Author : Institute of Medicine
Publisher : National Academies Press
Page : 287 pages
File Size : 10,63 MB
Release : 2001-07-02
Category : Medical
ISBN : 0309132975
It's obvious why only men develop prostate cancer and why only women get ovarian cancer. But it is not obvious why women are more likely to recover language ability after a stroke than men or why women are more apt to develop autoimmune diseases such as lupus. Sex differences in health throughout the lifespan have been documented. Exploring the Biological Contributions to Human Health begins to snap the pieces of the puzzle into place so that this knowledge can be used to improve health for both sexes. From behavior and cognition to metabolism and response to chemicals and infectious organisms, this book explores the health impact of sex (being male or female, according to reproductive organs and chromosomes) and gender (one's sense of self as male or female in society). Exploring the Biological Contributions to Human Health discusses basic biochemical differences in the cells of males and females and health variability between the sexes from conception throughout life. The book identifies key research needs and opportunities and addresses barriers to research. Exploring the Biological Contributions to Human Health will be important to health policy makers, basic, applied, and clinical researchers, educators, providers, and journalists-while being very accessible to interested lay readers.

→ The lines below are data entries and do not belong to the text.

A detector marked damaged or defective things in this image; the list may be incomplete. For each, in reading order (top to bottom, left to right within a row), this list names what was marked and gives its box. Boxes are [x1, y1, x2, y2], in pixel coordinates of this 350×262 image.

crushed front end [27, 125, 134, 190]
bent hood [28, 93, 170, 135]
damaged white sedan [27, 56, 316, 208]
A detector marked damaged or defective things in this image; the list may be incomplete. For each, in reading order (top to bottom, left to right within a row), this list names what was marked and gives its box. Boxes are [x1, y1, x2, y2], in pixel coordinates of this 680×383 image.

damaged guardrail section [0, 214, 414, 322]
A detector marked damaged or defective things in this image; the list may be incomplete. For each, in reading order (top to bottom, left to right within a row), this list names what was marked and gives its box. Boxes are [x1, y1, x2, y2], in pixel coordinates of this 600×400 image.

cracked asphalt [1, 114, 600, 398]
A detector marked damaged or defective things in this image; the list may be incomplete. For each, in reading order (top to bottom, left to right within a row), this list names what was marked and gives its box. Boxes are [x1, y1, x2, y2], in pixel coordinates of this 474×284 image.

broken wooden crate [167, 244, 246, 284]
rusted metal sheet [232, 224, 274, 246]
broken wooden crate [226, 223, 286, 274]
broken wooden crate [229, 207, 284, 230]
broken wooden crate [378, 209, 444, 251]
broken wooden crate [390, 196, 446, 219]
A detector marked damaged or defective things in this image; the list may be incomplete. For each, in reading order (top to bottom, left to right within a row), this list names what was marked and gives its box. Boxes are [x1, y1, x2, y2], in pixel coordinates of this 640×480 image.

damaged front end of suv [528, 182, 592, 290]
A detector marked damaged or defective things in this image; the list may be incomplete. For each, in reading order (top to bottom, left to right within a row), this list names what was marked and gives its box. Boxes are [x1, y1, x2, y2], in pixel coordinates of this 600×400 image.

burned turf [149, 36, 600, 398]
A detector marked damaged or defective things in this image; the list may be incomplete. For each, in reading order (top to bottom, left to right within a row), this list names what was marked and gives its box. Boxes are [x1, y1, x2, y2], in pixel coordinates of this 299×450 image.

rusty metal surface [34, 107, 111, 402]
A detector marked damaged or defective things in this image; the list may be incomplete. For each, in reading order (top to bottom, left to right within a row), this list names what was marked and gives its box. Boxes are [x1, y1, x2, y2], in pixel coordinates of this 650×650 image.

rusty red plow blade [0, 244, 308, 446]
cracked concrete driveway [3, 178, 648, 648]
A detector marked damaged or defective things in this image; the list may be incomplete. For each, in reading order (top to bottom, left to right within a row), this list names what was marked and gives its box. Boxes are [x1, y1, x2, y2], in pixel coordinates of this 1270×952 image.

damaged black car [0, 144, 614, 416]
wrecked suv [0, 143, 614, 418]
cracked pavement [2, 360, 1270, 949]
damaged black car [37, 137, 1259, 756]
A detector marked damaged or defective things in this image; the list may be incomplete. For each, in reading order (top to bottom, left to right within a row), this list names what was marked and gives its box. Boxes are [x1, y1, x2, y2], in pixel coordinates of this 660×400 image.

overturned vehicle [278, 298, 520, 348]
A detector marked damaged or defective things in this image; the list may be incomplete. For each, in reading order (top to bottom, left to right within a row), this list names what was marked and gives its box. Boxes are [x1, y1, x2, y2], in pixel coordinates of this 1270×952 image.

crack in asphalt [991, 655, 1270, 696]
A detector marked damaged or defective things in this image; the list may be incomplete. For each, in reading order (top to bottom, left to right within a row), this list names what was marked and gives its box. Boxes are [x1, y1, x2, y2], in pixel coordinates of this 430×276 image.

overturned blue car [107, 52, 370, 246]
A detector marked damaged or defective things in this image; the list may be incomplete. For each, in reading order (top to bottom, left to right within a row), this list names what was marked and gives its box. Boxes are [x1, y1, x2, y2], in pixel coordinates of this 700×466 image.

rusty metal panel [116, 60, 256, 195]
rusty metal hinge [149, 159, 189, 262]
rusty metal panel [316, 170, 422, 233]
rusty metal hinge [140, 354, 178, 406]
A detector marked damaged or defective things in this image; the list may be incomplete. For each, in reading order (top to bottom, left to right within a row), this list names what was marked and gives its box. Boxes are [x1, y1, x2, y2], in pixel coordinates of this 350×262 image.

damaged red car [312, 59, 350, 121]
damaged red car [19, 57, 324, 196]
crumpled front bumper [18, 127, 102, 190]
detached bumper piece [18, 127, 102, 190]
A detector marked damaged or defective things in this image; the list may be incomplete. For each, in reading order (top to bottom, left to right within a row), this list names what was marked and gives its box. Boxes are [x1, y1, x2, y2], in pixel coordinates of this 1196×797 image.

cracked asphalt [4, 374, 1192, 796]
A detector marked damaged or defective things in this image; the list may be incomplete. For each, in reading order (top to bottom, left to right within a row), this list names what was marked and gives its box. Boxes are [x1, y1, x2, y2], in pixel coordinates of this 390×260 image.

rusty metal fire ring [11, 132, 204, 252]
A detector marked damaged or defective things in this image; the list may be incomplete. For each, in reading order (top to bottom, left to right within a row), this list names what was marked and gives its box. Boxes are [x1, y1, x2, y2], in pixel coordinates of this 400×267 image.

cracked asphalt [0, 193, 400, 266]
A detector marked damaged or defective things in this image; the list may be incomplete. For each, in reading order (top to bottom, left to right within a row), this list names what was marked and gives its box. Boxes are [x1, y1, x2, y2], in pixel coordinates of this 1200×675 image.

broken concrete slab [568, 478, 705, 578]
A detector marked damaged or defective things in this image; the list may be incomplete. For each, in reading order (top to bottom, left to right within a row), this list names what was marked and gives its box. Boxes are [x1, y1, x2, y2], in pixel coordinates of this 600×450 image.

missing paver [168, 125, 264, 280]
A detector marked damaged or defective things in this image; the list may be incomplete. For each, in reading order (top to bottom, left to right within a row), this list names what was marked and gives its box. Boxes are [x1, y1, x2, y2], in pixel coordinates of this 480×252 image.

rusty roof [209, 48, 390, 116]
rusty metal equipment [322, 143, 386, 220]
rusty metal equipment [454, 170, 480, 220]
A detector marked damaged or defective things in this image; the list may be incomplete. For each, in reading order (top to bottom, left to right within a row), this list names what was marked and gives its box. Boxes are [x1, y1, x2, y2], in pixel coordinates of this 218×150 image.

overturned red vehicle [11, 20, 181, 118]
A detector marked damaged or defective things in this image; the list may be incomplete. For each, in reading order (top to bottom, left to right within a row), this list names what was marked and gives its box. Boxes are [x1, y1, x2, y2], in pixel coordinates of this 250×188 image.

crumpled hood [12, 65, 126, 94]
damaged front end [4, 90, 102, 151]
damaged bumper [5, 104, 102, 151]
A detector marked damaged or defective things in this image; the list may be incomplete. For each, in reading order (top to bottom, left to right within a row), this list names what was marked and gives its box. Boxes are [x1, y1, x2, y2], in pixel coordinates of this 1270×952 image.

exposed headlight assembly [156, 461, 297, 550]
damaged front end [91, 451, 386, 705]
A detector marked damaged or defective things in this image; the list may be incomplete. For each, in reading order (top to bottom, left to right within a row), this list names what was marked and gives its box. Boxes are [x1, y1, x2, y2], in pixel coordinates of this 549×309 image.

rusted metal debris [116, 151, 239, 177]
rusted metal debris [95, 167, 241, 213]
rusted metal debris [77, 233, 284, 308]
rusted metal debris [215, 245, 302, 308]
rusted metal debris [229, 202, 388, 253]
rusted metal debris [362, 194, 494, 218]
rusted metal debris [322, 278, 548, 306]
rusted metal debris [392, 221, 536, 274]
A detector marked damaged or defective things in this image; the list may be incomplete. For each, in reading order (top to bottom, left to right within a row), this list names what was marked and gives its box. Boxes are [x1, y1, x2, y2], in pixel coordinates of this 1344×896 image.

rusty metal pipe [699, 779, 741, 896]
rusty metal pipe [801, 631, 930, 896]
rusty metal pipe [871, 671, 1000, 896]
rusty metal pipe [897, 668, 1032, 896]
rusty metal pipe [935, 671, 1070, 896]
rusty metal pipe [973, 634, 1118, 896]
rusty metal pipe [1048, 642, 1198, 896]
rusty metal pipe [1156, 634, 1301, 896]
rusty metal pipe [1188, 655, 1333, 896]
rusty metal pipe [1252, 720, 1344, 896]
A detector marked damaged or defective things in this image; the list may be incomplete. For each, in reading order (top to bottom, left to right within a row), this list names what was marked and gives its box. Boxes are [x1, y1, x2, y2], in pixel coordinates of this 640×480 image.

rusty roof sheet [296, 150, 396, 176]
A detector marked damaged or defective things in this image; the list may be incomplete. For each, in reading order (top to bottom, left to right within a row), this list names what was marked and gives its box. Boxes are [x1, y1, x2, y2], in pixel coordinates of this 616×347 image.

Author : Sarah Blaffer Hrdy
Publisher :
Page : 274 pages
File Size : 34,7 MB
Release : 1981
Category : History
ISBN : 9780674955400
The author dispels some of the myths about the nature of females and female sexuality, and suggests new hypotheses aboutthe evolution of women.
Author : A M Faruqui
Publisher : #N/A
Page : 992 pages
File Size : 16,76 MB
Release : 1991-02-26
Category :
ISBN : 9814632953
This conference was organised by the Third World Academy of Sciences in collaboration with the Canadian International Development Agency. For the 250 female scientist participants from distant lands and diverse cultures from the Caribbean to the Far East, the conference proved a stimulating experience to recognize their strength in terms of numbers and achievements, to forge new links, nationally and internationally, and to demonstrate that science is independent of gender and is no longer an exclusively male-dominated preserve. The first part of the proceedings deals with the global, Third World and national perspectives of the theme “Women and Science” and the second highlights the scientific contributions by Third World women scientists, their personal experiences and scientific reports. The publication of these proceedings would serve as a potentially effective strategy aimed at enhancing the status of women scientists, not only in the Third World but worldwide.